/bayesian-coresets

Automated Scalable Bayesian Inference

Primary LanguagePythonMIT LicenseMIT

Bayesian Coresets: Automated, Scalable Inference

This repository provides a python package that can be used to construct Bayesian coresets. It also contains code to run (updated versions of) the experiments in Bayesian Coreset Construction via Greedy Iterative Geodesic Ascent and Sparse Variational Inference: Bayesian Coresets from Scratch in the bayesian-coresets/examples/ folder.
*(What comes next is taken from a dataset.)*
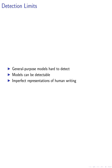We reference works that discuss the limits of detection, noting that fully general-purpose language models would be impossible to detect. However, we argue that even models close to this optimum can be technically detectable, given a sufficient number of samples.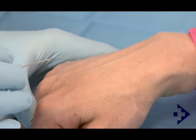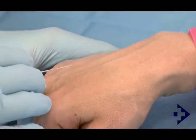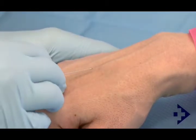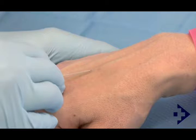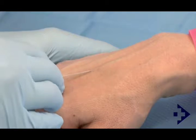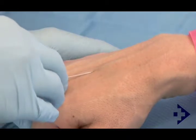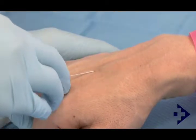Gentle traction is applied to the skin. The cannula needle is inserted with the bevel pointing upwards. It's introduced at an angle about 20 degrees from the skin's surface.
A coreset (i.e. the "core of a dataset") is a small, weighted subset of a dataset that can be used in place of the original dataset when learning a statistical model. If the coreset is much smaller than the original dataset, generally this makes learning faster; but if the coreset is too small, it doesn't represent the original dataset well. Building a coreset that is both small and a good approximation for the purposes of Bayesian inference is what the code in this repository does.

Repository Status

The most recent update (Oct 2020):

  • improves command line argument specification using argparse
  • implements pseudocoresets
  • incorporates weighted STAN samplers for MCMC inference

But: the repository is no longer thoroughly tested. Examples run and generate verified output using Python 3. Python 2 is not tested. Unit tests have not yet been updated. Work is in progress.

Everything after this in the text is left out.